Gary Krinke is the best director you'll never know. Residing at the greatest kept secret in Orange County, Fullerton Community College's Theater Department—which has produced such stars as Matt Lillard, Cress Williams, Robert Nuñez and seemingly all of the independent/underground theater mavericks in OC—Krinke is well-steeped in creative experimentation, from Fellini ("My father, my hero," he says) to Ken Russell to Jean Genet to Arthur Miller, Ibsen and, of course, Shakespeare. When you work for Krinke—for free, of course (what, you thought there was money in theater?)—you have to know before you come in what kind of underwear your character wears, if they have any odd proclivities, why they walk the way they do, and what their childhood was like. (Full disclosure: I worked with Krinke on several plays.) You'd also better pray the fitness gods are with you because chances are those clothes are comin' off, honey.
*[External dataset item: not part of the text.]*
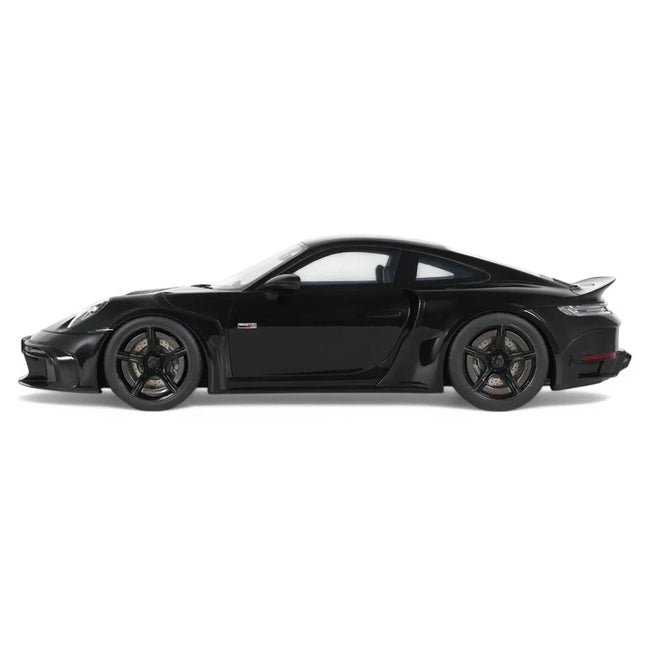 https://cdn.shopify.com/s/files/1/0504/9925/6496/files/2023-brabus-900-rocket-r-black-model-118-model-car-by-gt-spirit-484027.jpg?v=1756086916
Krinke worked for Elia Kazan back in the day, and if this man doesn't know theater, then nobody does.

Which is why the prospect of Krinke helming Take Me Out, Richard Greenberg's Tony Award-winning play, is so exciting. A dramatic examination of the realities of being a gay man in major-league baseball, the play deals with a broad spectrum of sensitive issues that are best served at the hands of a sensitive director like Krinke.